And that's where the tension between what I think are good or very good examples of the format accomplished, and what I think are poor examples of the format.
So, for example, TGLPPS does include a whole lot of responses (which is part of what makes it confusing and a bit drag-y); DLL is written so that there not being responses is built into the ongoing situation the novel illustrates; by Dear Enemy Webster realized she did not need any such justification. Lesley Castle does include a lot of the responses, even if they are mitigated by strong character perspective; Lady Susan does away with them for the most part if not completely (I don't remember exactly).
DLL is very strict on the one-narrator/one person being told; Dear Enemy explores having a central relationship of this kind, while adding satellite connections; Lady Susan has two main relationships in parallel -Mrs. Vernon to Lady De Courcy and Lady Susan to Alicia Johnson- but manages unity because both are talking about the same scenario, with opposing views and goals. TGLPPS and Lesley Castle have several in several directions. This is where Dracula is a particularly interesting case -there are 5 narrators who are at first talking all of different things, but it works because A) the back and forth is minimal B) these seemingly independent subplots are converging into a single storyline (of course, problem is one the storylines merge the author has an overabundance of narrators that complicates his work).
I feel like epistolary is more sensitive to number of narrators for two reasons: 1) that one must remember not only who is talking, but who they are talking to 2) letters are shorter and so the perspective changes more often and more quickly. For all I have heard about GRRM's ASOIAF, there are several POV characters in the saga, but they get a sort of one-character-a-chapter pov, and while that might get tiresome at some point and by force some narrators will be more interesting than others, I don't imagine it can be as confusing as it is when the same thing happens in epistolary.

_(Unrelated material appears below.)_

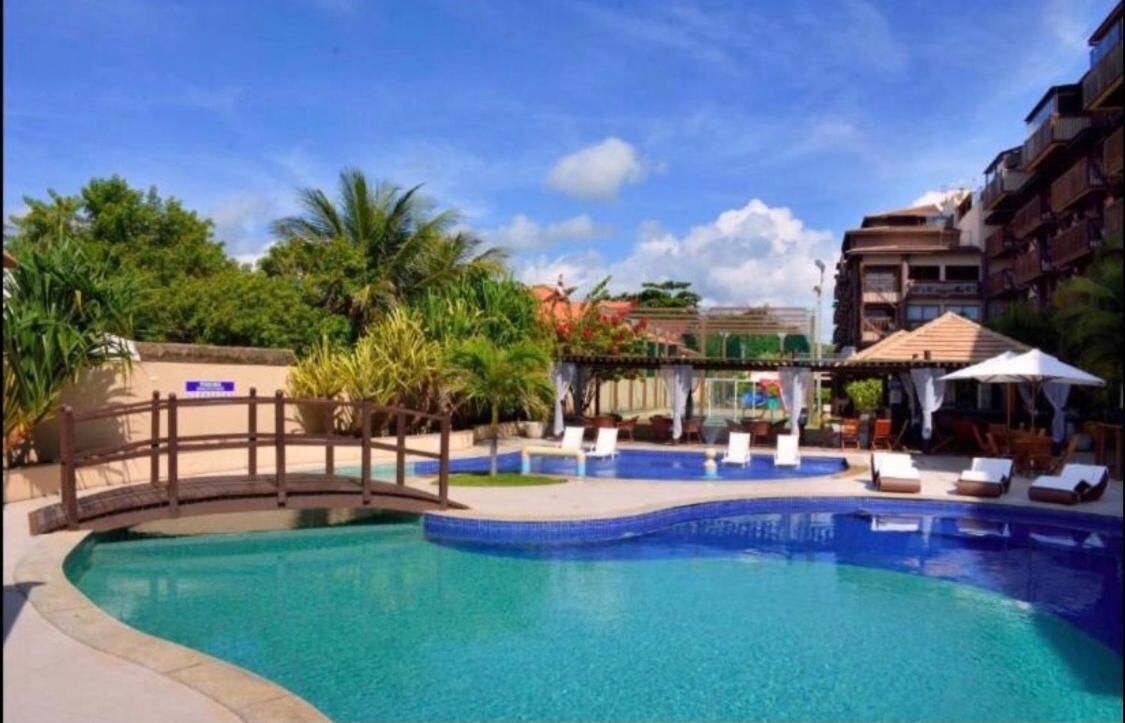 בארה דה סאו מיגל Barra Bali Ap 06 - Paraiso A Beira Mar מראה חיצוני תמונה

I also think it is more sensitive to the line between what's necessary for the story and what isn't. So, for example, the unrealistic back and forth of very short notes to arrange a meeting in TGLPPS; its inclusion is A ProblemTM, and in the end we don't really need to know that information for the story to work. In a normal narrative the pointlessness would be less felt because it would create less strain for the reader. On the other hand, because epistolary pushes towards economy, and because so much of it relies on the reader reading between the lines and building up what isn't said, it seems easier to fall into not saying something that, while not strictly necessary, would be good for the flow or resolution of the story. In Dear Enemy it is often the case that readers are surprised by the ending; if you are genre savvy the clues to Sandy being not exactly as Sallie describes him, and her feelings about him not being as negative as she presents them to Judy are there, and yet there's still a heavy impression of suddenness to everything that appears in the last letter (no such problem in DLL, now that I think of it, because the reveal of DLL's identity is built up for quite a bit). Maybe the problem here is less one of insufficient foreshadowing, and more one that the combination of style + romance development trope + addressee of the story is not a good one for the purpose; perhaps an enemies-to-lovers trope is better suited for an epistolary novel where then main characters are the correspondents (case in point, now that I think about it: You've Got Mail. Kinda).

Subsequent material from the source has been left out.